Are you an extreme size – short, tall, skinny or large – but still want to ride a motorcycle? Unfortunately, you are out of luck as few stores stock these extreme sizes.
A former motorcycle gear distributor says it’s purely a commercial decision. It costs money to buy the stock and have it sit in the store on the off-chance that an overly large or small rider will buy it.
He suggests that for large gear, you shop online through American outlets as they cater for the rather large American riders.
It should also be noted that Harley-Davidson stores stock American-made clothing which comes in sizes right up to a massive 5XL, although their boots only go up to American size 13 (12.5 Australian).
If you are looking for smaller sizes, you should try Asian online motorcycle outlets or consider buying children’s sizes from the US and Europe.
The issue has come to light recently after Geelong rider Alastair Bain contacted Motorbike Writer saying he couldn’t find motorcycle boots anywhere for his size 15 feet.
“I have contacted large retailers, Rossi and even bought a pair of Forma size 16 boots online that were about 2 sizes too small,” says the BMW K 100 RS rider.
“I can’t for the life of me find any motorcycle boots that are a genuine 15 and I have been rejected from a returning rider course because I was told I needed to have motorcycle boots.
“I argued that I couldn’t get them and this made it all the more important for me to do the course as I was less protected than other riders.

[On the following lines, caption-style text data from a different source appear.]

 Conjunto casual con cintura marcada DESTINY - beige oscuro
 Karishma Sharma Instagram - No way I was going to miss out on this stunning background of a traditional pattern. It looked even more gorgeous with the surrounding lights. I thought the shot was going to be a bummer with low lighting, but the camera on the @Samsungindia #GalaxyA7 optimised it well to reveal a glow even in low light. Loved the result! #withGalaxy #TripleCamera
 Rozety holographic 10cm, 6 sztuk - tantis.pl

“My plea fell on deaf ears and I have been unable to enrol in the course and continue to ride, untrained, in steel cap work boots.”
We contacted several distributors who said they did have large boot sizes in stock, but there doesn’t seem to be a lot of variety to choose from.

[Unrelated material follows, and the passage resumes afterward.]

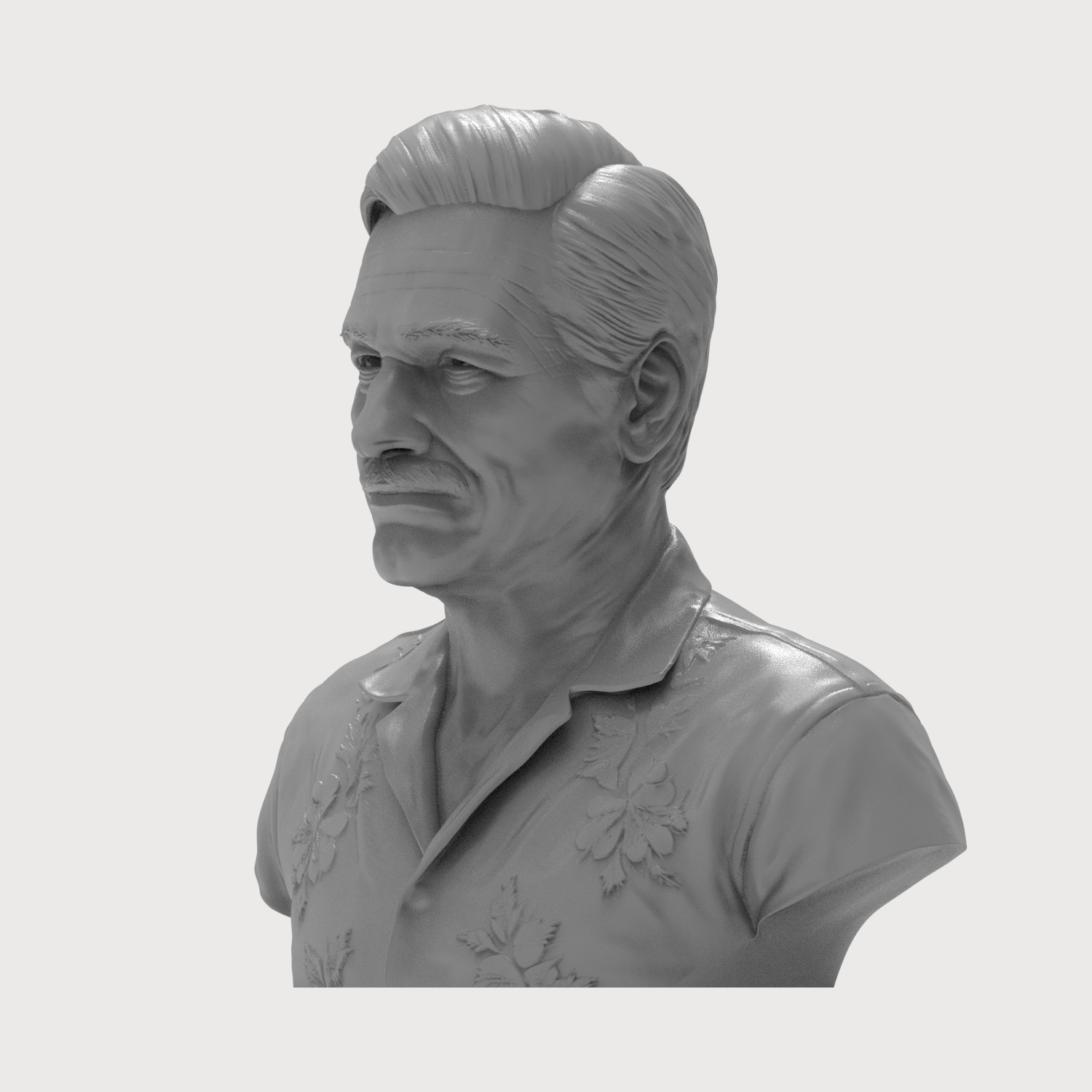 Victor Sullivan Sully Uncharted Character Bust 3D Model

Matthew Dowd of Ficeda says they have a Berik GPX boot in size 15 (part number BK1323BK49) which costs $329.95. However, the largest off-road boot they stock is size 14.
He says stores are reticent to stock extreme sizes “as those sizes just don’t sell, only every blue moon”.
Suus spokesman Stewart MacCiolli says they only stock European-made Stylmartin boots, but they don’t make a size 15.
“We hold the smallest and largest sizes available, both male and female,” he says.
“The smallest that we have available is a size 5(E36) and largest is a size 13 (E47).”
McLeod Accessories Brand Manager Andrew Wright says they go up to a size 50 in SIDI which is a US size 14.5, but says only larger stores carry this size.
|Men’s Boot Sizing Chart|
Several hours later Andrew rang back to say he had found that Mornington Ducati have both size 49 and 50 in the SIDI Vertigo boot in store for our Geelong rider.
Draggin Jeans sales and retail coordinator Rachel Rowley says stores don’t want to hold extreme sizes as they don’t often get requests for them.
“We offer all our stockists the opportunity to order the bigger or smaller sizes on an order and return policy so there is no risk to them in ordering a size in for a customer to try and we overnight ship everything so there is no delay,” she says.
“It’s a really tough call to make for a store and most know their demographic and stock accordingly. In general stores don’t want to have money tied up in stock that they may only get a request for once a year and so our order and return seems to suit them.
“We offer size 6 to size 24 in ladies styles and size 26 to 60 in men’s so we do have something to fit everyone.”
Ron Angel Wholesale National Manager Grant Sammut says they don’t sell boots anymore, but says XS and XXL clothing sizes are difficult to sell.
“We invariably get stuck with them at the end of every model run, whether it’s helmets or clothing, and for every one you get stuck with, you might as well not have sold the last four that you sold at full price,” he says.
“I’ve had the same XS and XXL helmets on special at below cost for the last few years … still got them.
“Actually, I’ve still got some 13 and 14 boots that I’ve had here since 2012 too. It’s not a good investment.
“Pretty much every motorcycle shop in the country has a specials bin full of XS/XXL products too.
“With size 15 – that’s way outside a viable thing to stock. I really feel sorry for people that have really large/small needs – but the percentage of the market that needs those sizes is very small, so it’s just isn’t viable to commit too much stock in those sizes as it only takes the smallest variance to become overstock/dead stock and start ruining your profitability in a big way.”
So there may be some extreme sizes out there, but finding them could be difficult.
It all leaves Alastair and others like him very frustrated.
“Surely there must be boots out there for people with big feet? I can jump online and buy casual and dress shoes up to size 17 no problem, but it doesn’t seem anyone is catering to big-footed bike riders,” he says.
“I have also tried Eu50 boots also which are far too small. For some reason these tend to be sized smaller than work boots.
“It is frustrating and although I have large feet, there are plenty of people out there with bigger feet, and it seems that as a general population we are getting bigger and bigger.”
The only other answer to extreme sizes is custom gear although it does make it more expensive.